Organizations developing sovereign digital ecosystems intended to operate over multi-decade horizons must now consider post-quantum readiness as a critical aspect of their planning. This transition is positioned as a foundational element of future digital trust infrastructure across the region.

Key Structural Shifts in Cybersecurity Strategy

Help AG identifies five key shifts that are shaping cybersecurity strategy across the GCC in 2026 and beyond:

  • Transitioning from fragmented security tools to integrated resilience architectures.
  • Moving from reactive defense to continuously adaptive, AI-driven operations.
  • Shifting from compliance-led programs to measurable operational resilience.
  • Evolving from talent-centric models to automation and institutional learning.
  • Advancing from isolated national frameworks to coordinated GCC-wide resilience alignment.

These shifts collectively define a broader transition towards what Help AG describes as Sustainable Cybersecurity—an always-on, adaptive security model designed to function under continuous pressure, at machine speed, and in alignment with national resilience priorities.

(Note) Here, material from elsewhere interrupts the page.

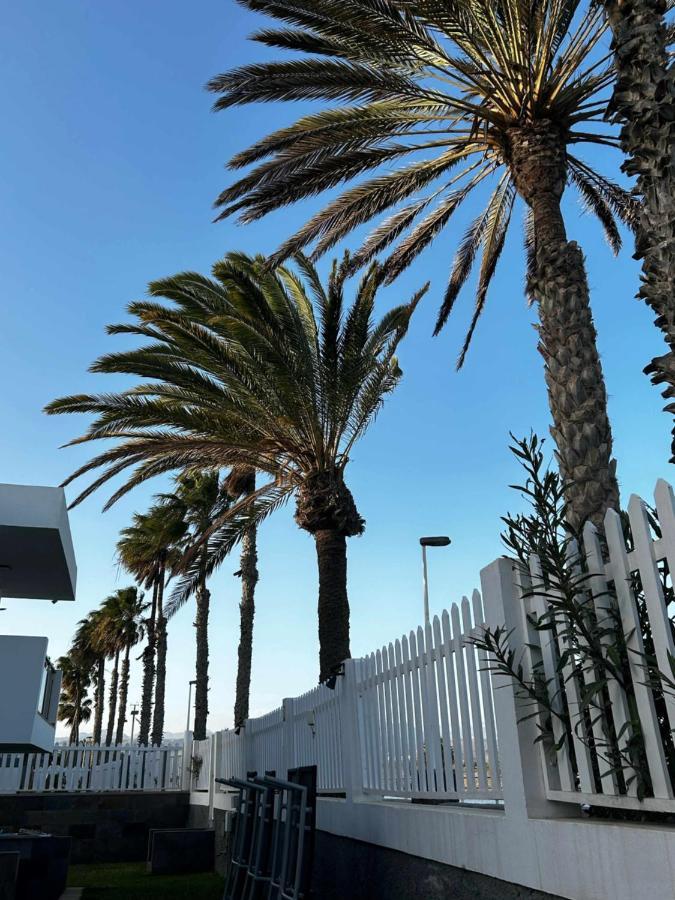 Apartamento Maypa 1 Calma San Bartolomé Екстериор снимка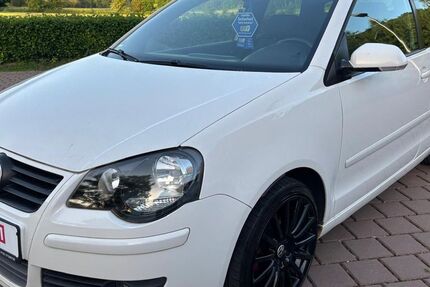 VW Polo 165.234 km 3.499 &euro; Melsungen 34212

Dr. Aleksandar Valjarevic, Acting Chief Executive Officer of Help AG, noted that AI and sovereignty are already reshaping how digital infrastructure is designed, secured, and governed across the GCC. The findings of this year’s report indicate that cybersecurity must now operate continuously, at machine speed, and in direct alignment with national resilience priorities. Organizations are shifting focus from merely adding more tools to building adaptive, measurable, and locally aligned security capabilities that can withstand sustained pressure.